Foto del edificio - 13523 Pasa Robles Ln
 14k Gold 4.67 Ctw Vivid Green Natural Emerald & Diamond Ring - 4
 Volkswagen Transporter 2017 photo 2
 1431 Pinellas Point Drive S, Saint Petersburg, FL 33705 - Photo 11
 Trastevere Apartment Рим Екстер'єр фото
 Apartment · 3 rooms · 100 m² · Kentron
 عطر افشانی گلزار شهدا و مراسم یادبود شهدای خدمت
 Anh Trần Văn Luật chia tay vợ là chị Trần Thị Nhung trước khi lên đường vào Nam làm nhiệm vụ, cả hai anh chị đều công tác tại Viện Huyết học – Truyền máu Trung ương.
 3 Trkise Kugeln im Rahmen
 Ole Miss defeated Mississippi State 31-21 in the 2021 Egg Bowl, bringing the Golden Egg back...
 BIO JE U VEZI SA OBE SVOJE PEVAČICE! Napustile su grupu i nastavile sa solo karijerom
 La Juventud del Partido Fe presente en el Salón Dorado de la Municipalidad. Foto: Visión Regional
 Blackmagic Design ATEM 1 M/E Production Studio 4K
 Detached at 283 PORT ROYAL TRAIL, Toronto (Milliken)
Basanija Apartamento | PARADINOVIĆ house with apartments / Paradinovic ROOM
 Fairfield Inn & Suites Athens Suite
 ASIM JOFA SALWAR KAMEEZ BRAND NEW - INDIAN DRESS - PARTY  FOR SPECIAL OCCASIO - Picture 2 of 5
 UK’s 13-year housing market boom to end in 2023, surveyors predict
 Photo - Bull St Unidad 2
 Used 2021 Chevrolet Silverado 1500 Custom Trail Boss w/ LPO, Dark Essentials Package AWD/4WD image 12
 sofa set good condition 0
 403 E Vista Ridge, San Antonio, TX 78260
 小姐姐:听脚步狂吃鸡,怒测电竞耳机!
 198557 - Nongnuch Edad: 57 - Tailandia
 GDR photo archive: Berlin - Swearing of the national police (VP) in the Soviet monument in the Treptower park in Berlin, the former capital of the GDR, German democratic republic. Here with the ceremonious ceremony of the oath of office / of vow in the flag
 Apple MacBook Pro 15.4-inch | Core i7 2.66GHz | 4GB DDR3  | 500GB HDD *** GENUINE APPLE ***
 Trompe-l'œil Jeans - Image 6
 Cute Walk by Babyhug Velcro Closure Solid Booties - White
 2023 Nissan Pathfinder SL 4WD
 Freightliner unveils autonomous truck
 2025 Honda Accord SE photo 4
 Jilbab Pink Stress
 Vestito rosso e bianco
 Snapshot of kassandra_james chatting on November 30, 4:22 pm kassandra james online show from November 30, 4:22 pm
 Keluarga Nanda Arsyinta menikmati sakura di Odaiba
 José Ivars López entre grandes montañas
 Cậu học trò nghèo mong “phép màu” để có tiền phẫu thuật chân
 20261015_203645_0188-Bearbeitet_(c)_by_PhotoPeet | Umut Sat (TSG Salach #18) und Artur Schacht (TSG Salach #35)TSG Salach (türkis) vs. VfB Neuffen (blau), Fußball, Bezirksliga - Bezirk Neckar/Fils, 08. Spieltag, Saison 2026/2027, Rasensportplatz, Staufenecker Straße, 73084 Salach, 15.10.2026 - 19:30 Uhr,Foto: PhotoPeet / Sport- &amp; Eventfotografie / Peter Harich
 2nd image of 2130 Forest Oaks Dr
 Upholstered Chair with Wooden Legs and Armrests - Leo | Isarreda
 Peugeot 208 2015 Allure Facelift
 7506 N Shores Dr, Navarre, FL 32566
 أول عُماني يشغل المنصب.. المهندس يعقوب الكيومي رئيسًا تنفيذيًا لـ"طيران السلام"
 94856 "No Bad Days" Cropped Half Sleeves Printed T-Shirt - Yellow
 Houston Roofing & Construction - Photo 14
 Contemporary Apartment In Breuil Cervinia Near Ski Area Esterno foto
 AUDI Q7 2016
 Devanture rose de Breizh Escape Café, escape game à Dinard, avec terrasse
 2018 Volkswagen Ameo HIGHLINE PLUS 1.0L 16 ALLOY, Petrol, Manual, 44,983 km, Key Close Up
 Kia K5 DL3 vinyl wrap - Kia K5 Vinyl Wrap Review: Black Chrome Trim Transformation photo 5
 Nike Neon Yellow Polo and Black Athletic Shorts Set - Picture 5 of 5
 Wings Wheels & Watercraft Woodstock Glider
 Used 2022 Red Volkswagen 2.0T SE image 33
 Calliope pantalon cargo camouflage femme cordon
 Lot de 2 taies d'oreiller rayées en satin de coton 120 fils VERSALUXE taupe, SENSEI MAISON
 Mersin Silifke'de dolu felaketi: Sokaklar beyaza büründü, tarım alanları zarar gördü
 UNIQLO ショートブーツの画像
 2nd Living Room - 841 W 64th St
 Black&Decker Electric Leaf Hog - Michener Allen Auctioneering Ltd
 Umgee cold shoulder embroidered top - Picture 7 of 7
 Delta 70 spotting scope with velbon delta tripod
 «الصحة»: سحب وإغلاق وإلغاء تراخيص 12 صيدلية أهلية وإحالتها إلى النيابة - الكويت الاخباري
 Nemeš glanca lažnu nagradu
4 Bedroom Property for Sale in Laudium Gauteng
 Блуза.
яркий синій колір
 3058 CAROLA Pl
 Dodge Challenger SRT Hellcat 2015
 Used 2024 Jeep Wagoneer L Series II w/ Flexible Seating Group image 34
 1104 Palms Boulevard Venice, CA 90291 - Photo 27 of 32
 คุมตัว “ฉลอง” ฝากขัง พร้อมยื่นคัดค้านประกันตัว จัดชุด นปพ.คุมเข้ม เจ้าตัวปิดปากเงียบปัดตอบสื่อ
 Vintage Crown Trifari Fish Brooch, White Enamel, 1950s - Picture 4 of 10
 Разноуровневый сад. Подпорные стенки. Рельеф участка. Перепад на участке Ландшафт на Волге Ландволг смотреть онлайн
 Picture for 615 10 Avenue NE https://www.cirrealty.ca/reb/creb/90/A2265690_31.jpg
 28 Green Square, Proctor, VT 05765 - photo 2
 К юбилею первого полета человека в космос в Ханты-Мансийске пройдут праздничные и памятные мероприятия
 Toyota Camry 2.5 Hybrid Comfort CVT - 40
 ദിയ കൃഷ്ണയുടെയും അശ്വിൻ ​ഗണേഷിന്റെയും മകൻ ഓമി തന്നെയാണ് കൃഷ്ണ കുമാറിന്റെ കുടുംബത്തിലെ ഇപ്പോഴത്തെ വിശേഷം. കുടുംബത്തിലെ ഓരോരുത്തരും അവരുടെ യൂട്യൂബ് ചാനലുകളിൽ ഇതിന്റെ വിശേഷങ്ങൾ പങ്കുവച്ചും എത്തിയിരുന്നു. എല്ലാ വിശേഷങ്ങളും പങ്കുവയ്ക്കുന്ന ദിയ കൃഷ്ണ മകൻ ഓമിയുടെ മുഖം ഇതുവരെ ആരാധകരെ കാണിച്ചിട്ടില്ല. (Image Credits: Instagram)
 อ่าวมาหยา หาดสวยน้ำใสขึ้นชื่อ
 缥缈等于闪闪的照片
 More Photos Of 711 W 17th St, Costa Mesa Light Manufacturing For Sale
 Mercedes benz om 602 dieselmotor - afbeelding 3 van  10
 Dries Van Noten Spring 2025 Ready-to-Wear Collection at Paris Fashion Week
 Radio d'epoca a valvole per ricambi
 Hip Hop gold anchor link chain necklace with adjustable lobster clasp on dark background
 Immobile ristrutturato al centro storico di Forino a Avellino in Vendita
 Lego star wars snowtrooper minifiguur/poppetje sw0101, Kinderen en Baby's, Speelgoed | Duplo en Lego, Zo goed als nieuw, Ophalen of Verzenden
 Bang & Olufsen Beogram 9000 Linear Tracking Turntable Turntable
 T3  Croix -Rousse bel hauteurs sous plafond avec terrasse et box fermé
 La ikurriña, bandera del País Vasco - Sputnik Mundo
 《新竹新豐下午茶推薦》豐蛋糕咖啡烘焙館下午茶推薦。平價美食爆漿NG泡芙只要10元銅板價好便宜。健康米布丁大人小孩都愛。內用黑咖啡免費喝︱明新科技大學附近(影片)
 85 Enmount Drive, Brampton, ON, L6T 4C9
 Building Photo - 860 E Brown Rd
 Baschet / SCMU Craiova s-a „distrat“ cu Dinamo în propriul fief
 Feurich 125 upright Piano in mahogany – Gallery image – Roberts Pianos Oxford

Your task:
Please return all lines from the records that hold the word "terrasse".

Response below:
 Devanture rose de Breizh Escape Café, escape game à Dinard, avec terrasse
 T3  Croix -Rousse bel hauteurs sous plafond avec terrasse et box fermé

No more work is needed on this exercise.